Trump’s performance in Arizona on Saturday night—his first rally in months and his much-hyped chance to respond to the one-year anniversary of the Jan. 6 Capitol riot—was neither shocking nor terribly newsworthy.
It didn’t even merit a mention on The Washington Post’s homepage Sunday morning. The New York Times only used Trump’s speech as a peg to write a broader story under the headline: “Trump Rally Underscores G.O.P. Tension Over How to Win in 2022.”
A few years ago, Trump rallies spawned breathless coverage and drove multiple news cycles. But The Times’ story isn’t even about the rally, and their mentioning it is mostly perfunctory.

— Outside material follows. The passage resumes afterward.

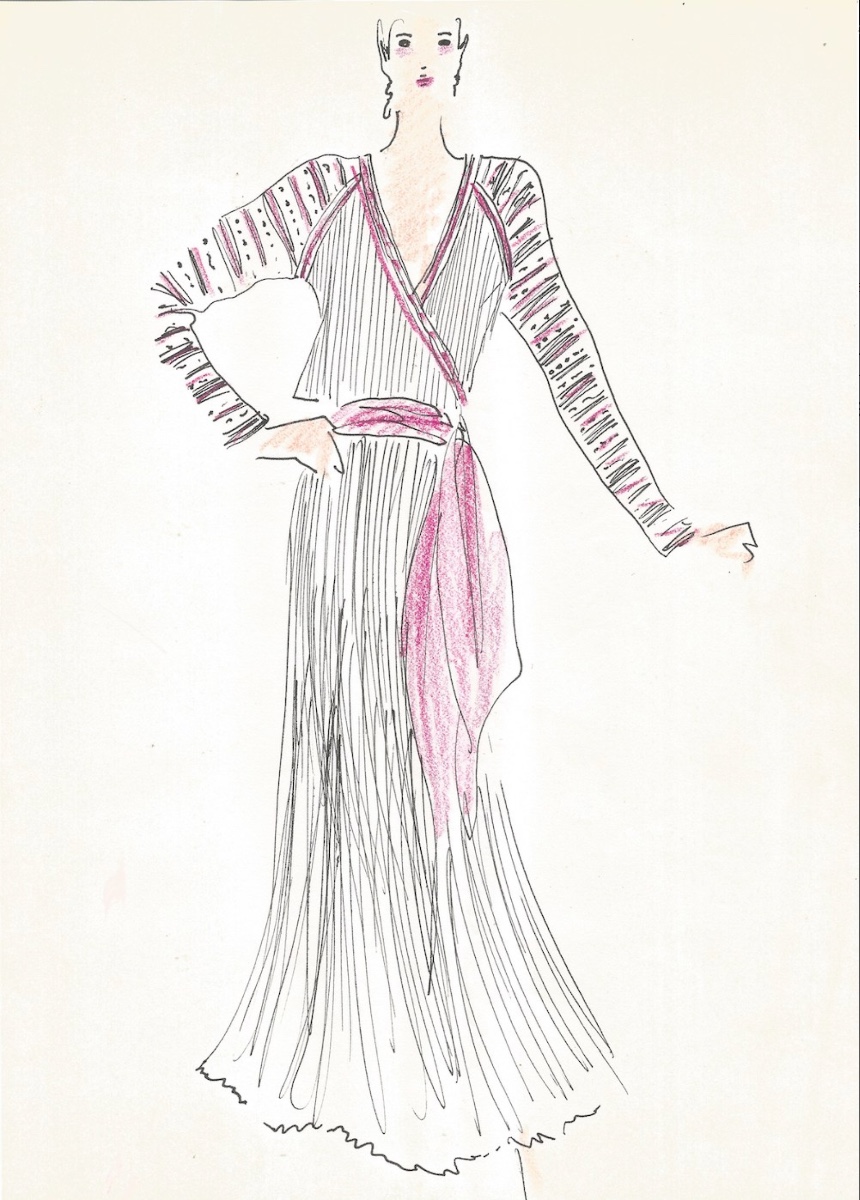 Karl Lagerfeld - Original Drawing. Felt-tip Pen And Pencil On Paper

To keep readers’ attention, The Times spotlighted a cast of supporting characters, such as Kari Lake, a Trump-endorsed candidate for Arizona governor who used to be a local news anchor. The photo of her in The Times shows her wearing some sort of cape, which I think we can all find mysterious. No wonder they used her.
TV sitcom showrunners sometimes react to declining ratings by introducing a “Cousin Oliver”—which, quite often, is a cute kid whose smart-alecky sass is meant to liven up a tired atmosphere. Sometimes it works, sometimes it’s evidence a show has simply “jumped the shark.” But Trump’s never been an ensemble cast type of personality. He’s the whole show, and the surrounding players are as replaceable and ephemeral as Spinal Tap’s exploding drummers.
The Arizona rally may have been the unofficial kickoff of his 2024 campaign. But this time around, Trump will have to work harder to break through—and not just because the media is less likely to give him ample air time free of charge.
Call it the Andrew Dice Clay conundrum: If your entire schtick is based on shock value, eventually the audience grows inured, and the lack of substance becomes embarrassingly plain.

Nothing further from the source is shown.